Quote the records below word for word, please, from the very first line through the one that contains "After that I", and nothing beyond it.

....

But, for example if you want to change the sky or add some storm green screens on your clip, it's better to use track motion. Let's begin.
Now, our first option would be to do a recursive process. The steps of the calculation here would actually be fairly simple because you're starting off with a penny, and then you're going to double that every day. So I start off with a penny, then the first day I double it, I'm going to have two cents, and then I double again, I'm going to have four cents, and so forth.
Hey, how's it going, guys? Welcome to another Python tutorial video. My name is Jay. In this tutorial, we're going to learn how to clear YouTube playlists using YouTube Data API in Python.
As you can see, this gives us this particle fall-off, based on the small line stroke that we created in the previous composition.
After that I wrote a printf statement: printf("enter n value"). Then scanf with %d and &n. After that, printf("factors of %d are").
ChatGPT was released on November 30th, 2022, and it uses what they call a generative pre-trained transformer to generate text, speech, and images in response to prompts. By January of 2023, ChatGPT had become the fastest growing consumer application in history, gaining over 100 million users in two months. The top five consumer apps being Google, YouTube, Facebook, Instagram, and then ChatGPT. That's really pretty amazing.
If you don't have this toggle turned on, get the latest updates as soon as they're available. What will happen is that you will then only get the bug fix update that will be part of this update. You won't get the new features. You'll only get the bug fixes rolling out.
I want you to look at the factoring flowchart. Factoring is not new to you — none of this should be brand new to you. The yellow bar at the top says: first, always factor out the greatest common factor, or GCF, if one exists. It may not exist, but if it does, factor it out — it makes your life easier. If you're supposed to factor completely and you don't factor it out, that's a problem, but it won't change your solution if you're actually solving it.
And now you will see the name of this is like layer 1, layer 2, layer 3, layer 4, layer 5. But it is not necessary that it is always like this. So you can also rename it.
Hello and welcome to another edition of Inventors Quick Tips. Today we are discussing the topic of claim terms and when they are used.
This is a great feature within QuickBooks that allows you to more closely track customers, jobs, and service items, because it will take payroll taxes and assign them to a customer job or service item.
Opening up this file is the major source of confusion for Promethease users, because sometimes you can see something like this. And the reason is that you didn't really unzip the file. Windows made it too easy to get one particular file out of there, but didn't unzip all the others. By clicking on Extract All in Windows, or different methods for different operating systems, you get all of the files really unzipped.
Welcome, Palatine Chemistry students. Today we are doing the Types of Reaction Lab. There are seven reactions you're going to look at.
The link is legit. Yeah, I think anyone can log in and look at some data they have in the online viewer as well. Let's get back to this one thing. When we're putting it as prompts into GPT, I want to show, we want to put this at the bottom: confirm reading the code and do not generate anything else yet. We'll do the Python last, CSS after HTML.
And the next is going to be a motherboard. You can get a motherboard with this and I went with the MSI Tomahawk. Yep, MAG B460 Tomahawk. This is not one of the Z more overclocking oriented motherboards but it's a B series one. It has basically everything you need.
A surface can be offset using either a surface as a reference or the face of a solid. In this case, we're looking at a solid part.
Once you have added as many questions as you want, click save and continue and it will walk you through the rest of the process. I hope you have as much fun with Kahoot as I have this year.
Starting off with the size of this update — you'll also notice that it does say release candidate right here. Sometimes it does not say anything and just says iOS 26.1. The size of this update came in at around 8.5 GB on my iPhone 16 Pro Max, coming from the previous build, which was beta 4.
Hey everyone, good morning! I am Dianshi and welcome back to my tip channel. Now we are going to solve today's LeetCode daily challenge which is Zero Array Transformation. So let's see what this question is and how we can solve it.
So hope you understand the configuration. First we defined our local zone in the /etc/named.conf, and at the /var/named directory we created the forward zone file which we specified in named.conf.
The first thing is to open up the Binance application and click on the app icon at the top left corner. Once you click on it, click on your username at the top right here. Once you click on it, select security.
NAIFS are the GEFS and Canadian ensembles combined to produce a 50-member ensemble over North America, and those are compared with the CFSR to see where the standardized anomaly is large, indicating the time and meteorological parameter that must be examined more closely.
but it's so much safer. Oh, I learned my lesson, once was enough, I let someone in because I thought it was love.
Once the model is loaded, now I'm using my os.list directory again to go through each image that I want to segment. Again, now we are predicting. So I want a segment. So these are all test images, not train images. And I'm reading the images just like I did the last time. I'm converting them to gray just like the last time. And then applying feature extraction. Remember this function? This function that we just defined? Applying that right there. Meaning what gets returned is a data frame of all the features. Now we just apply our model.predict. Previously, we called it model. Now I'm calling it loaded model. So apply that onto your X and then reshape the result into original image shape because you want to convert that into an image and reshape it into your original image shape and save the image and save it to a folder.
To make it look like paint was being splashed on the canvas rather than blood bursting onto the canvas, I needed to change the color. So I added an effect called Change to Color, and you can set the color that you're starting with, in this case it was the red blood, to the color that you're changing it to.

....

▶ RESPONSE AREA:
But, for example if you want to change the sky or add some storm green screens on your clip, it's better to use track motion. Let's begin.
Now, our first option would be to do a recursive process. The steps of the calculation here would actually be fairly simple because you're starting off with a penny, and then you're going to double that every day. So I start off with a penny, then the first day I double it, I'm going to have two cents, and then I double again, I'm going to have four cents, and so forth.
Hey, how's it going, guys? Welcome to another Python tutorial video. My name is Jay. In this tutorial, we're going to learn how to clear YouTube playlists using YouTube Data API in Python.
As you can see, this gives us this particle fall-off, based on the small line stroke that we created in the previous composition.
After that I wrote a printf statement: printf("enter n value"). Then scanf with %d and &n. After that, printf("factors of %d are").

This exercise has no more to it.